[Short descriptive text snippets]
=== Begin Enclosure ===

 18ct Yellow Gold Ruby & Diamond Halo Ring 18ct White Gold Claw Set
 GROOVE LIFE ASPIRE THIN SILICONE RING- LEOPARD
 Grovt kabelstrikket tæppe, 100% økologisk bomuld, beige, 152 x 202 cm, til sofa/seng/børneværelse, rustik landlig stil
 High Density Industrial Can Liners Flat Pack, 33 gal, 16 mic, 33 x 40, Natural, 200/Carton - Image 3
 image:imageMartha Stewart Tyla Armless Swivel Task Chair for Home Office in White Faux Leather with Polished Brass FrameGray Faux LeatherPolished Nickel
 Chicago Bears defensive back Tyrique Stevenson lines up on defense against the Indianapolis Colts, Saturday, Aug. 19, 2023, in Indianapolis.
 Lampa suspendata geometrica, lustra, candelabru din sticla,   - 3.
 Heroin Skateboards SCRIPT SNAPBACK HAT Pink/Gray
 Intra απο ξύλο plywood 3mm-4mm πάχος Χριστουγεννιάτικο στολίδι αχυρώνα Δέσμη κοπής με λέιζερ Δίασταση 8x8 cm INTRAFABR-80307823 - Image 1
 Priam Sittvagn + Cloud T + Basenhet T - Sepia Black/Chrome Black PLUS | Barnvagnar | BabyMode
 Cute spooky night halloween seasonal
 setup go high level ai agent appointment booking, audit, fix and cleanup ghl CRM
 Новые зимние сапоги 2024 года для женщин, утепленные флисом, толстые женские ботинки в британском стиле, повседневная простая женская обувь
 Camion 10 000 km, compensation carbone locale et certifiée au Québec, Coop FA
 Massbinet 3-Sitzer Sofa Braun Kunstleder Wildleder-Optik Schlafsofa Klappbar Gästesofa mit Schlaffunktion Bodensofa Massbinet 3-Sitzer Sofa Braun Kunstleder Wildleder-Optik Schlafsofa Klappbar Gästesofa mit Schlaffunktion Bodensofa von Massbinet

=== End Enclosure ===

## TO DO
For every line above that has "White" in it, copy the line.

## RESPONSE AREA
 18ct Yellow Gold Ruby & Diamond Halo Ring 18ct White Gold Claw Set
 image:imageMartha Stewart Tyla Armless Swivel Task Chair for Home Office in White Faux Leather with Polished Brass FrameGray Faux LeatherPolished Nickel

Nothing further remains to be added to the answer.